論文紹介

研究代表者

佐藤 忍

所 属 筑波大学・生命環境科学研究科
著 者 Asahina M, Azuma K, Pitaksaringkarn W, Yamazaki T, Mitsuda N, Ohme-Takagi M, Yamaguchi S, Kamiya Y, Okada K, Nishimura T, Koshiba T, Yokota T, Kamada H, Satoh S.
(朝比奈 雅志、東 克也、ウィーラサック ピタクサリンカーン、山崎 貴司、光田 展隆、高木 優、山口 信次郎、岡田 清孝、西村 岳志、小柴 共一、横田 孝雄、鎌田 博、佐藤 忍)
論文題目 Spatially selective hormonal control of RAP2.6L and ANAC071 transcription factors involved in tissue reunion in Arabidopsis.
(シロイヌナズナの組織癒合に関与するRAP2.6L・ANAC071転写因子の植物ホルモンによる空間選択的制御)
発表誌

Proc. Natl. Acad. Sci. USA; 108 (38) 16128-16132 (2011)
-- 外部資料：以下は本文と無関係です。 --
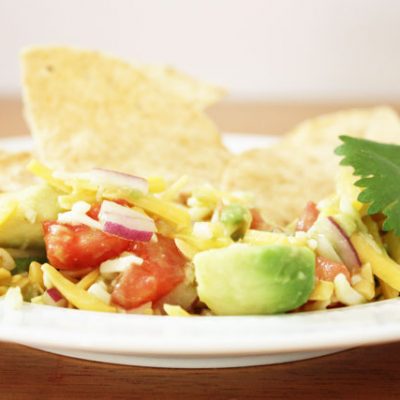 This super fresh tex-mex dip is unlike anything else I've ever had. Fresh avocado, red onion, and tomatoes combine with shredded cheese and a hint of green taco sauce to make a delicious dip.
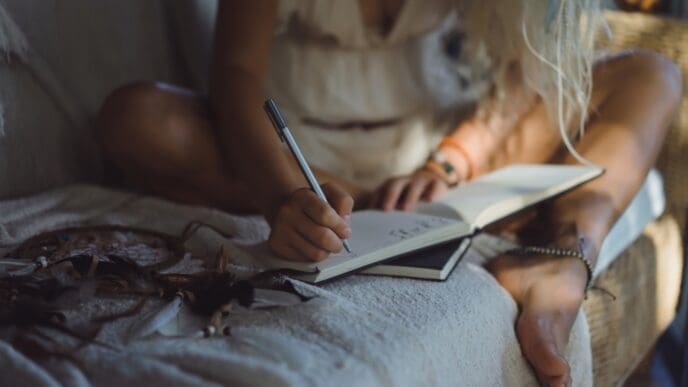A happy young woman sits in a cozy, comfortable room, smiling as she focuses on writing or drawing in a notebook.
要 旨   植物は環境応答の一つとして、傷害を受けた際に組織の再生o癒合を行うことが知られている。今回、我々は、シロイヌナズナの花茎を部分的に切断すると、主として髄組織の細胞が切断3日後から細胞分裂を開始し、約7日間で癒合すること、この癒合過程にはオーキシンの極性輸送が必須であることを示した。さらに、シロイヌナズナ切断花茎の癒合部における遺伝子発現を網羅的に解析し、癒合過程前半期では、転写因子・細胞分裂及び植物ホルモンの合成・情報伝達に関連する遺伝子が、癒合過程中〜後半期では、細胞壁の分解・合成に関連する遺伝子が特異的に発現上昇していることを明らかとした。また、これら遺伝子群の中から、それぞれNAC型転写因子ファミリーまたはERF/AP2型転写因子ファミリーに属する遺伝子に注目して解析を行った結果、傷の上部ではオーキシンがせき止められて溜ることによってANAC071が誘導され、一方、傷の下部ではオーキシンが枯渇することによってRAP2.6Lが誘導されることが明らかとなった。それぞれの遺伝子発現はエチレンとジャスモン酸によっても調節されることから、シロイヌナズナ切断花茎の組織癒合過程では、花茎切断によって生じた植物ホルモンのシグナリングが、これらの転写因子の発現を介して、細胞分裂・細胞壁代謝等の遺伝子発現を制御している可能性を示した。